48 Exotic Animals Killed
November 9, 2011 by staff
48 Exotic Animals Killed, Lions, tigers and a grizzly bear on the loose became a frightening reality for an Ohio town Tuesday after a wildlife sanctuary owner set his animals free.
Zanesville Sheriff Matt Lutz said Wednesday of the big animals that 18 Bengal tigers, 17 lions, eight bears and a wolf were killed after they were set free from the private Ohio farm.
Six animals were recovered on the property and taken to the Columbus Zoo. A wolf and a monkey remain on the loose.
Motorists began sounding the alarm Tuesday night after spotting several big-game animals near I-70, about 55 miles east of Columbus.
Authorities and animal experts with the zoo, including TV personality Jack Hanna, were on the scene, hopeful they could tranquilize and capture some of the animals.
Authorities were waiting on the results of an autopsy to determine the exact cause of Thompson’s death, according to CNN. Sheriff Lutz said preliminary investigations indicated Thompson died from a self-inflicted gunshot wound.
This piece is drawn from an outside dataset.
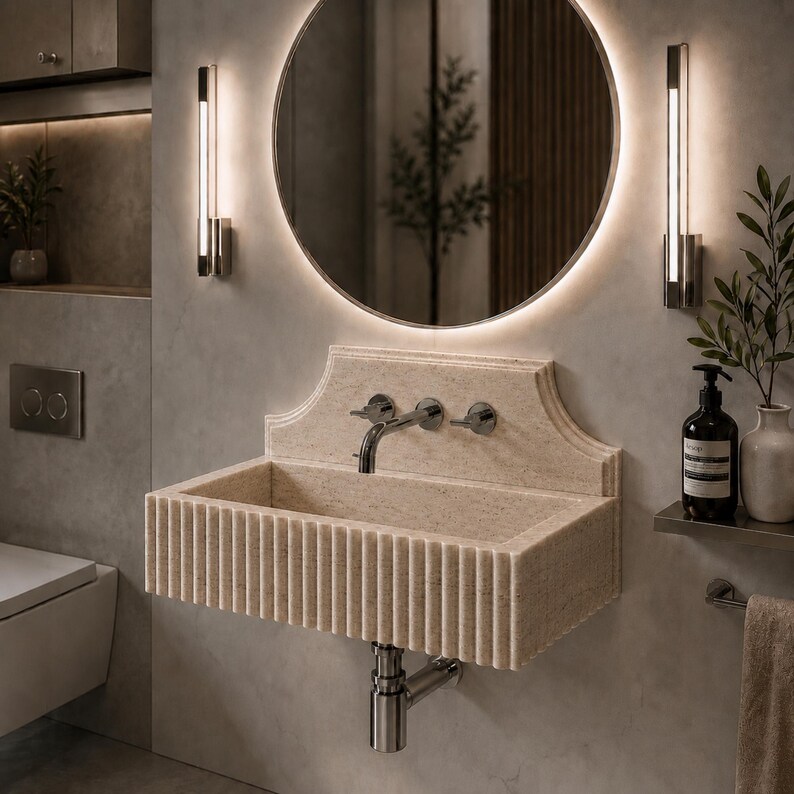 Luxury handcrafted Calacatta Viola marble floating wall mounted bathroom sink with sculptural fluted front and architectural backsplash in a premium designer bathroom.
Lutz speculated Thompson’s actions might have been a last act of vengeance against neighbors and police.
Schools in the area were closed Wednesday and residents were warned to stay inside.
Flashing signs along area highways told motorists, “Caution exotic animals” and “Stay in vehicle.”
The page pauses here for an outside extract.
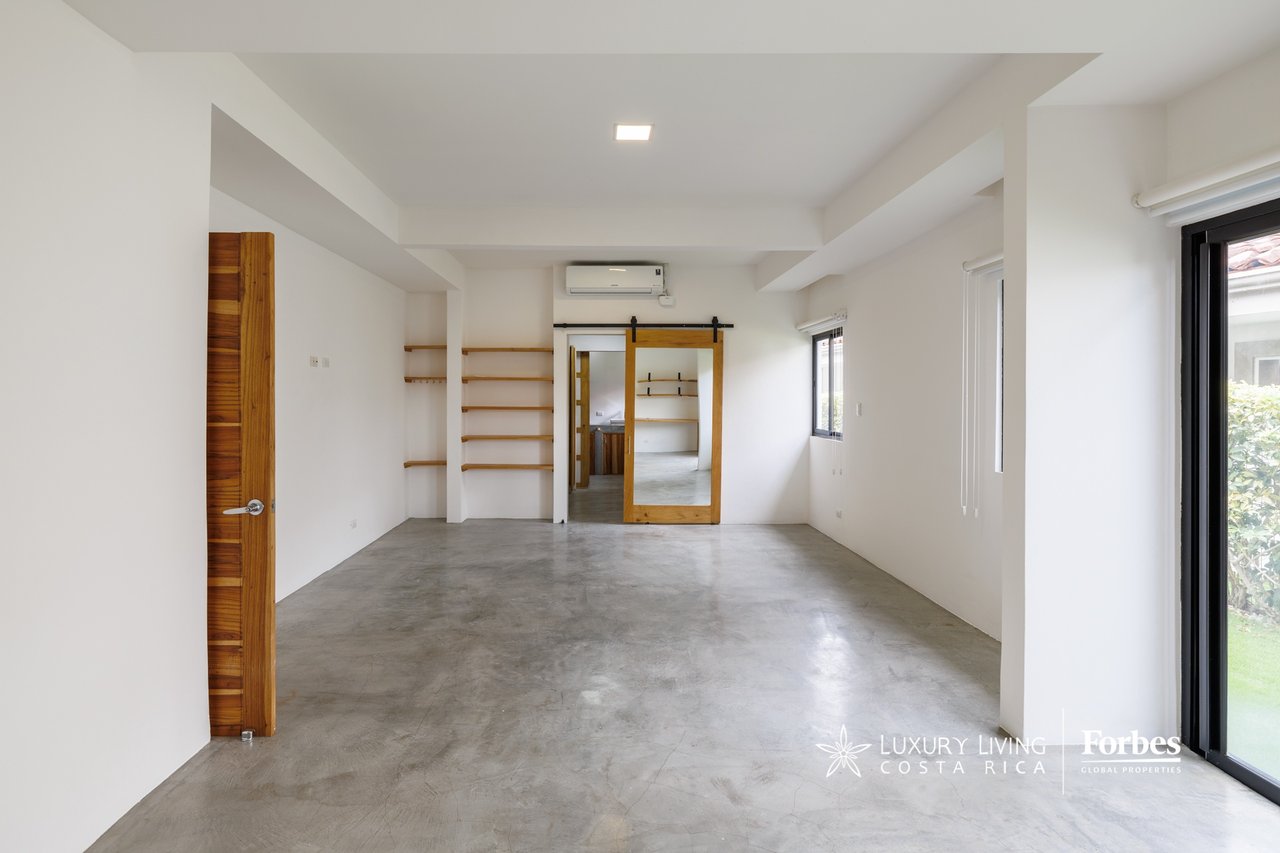 Empty industrial-style room with polished concrete floors, wood shelving, and garden-facing glass doors.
The preserve in Zanesville had lions, tigers, cheetahs, wolves, giraffes, camels and bears. Lutz said his department had received numerous complaints about the exotic-animal preserve since 2004.
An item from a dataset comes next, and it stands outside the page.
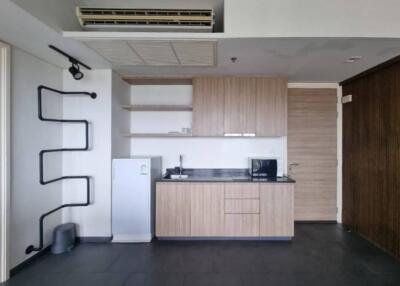 Modern kitchen with wooden cabinets, microwave, and refrigerator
Thompson was released three weeks ago from a one-year prison term after pleading guilty in 2010 to possessing eight illegal firearms, including five fully automatic firearms and three short-barreled firearms without serial numbers.
Hanna defended Lutz’s decision to shoot the animals on sight and said tranquilizing loose animals at night was not feasible.
“You cannot tranquilize an animal like this, a bear or a leopard or a tiger (at nighttime),” Hanna told ABC’s “Good Morning America” on Wednesday. “If you do that, the animal gets very excited, it goes and hides, and then we have his (Lutz’s) officer in danger of losing their life, and other people.”
Lutz said when deputies arrived at the house, there were large animals trying to escape. The deputies had to shoot them with their sidearms.
“We are not talking about your normal everyday house cat,” he said. “We could not have animals running loose in this county.”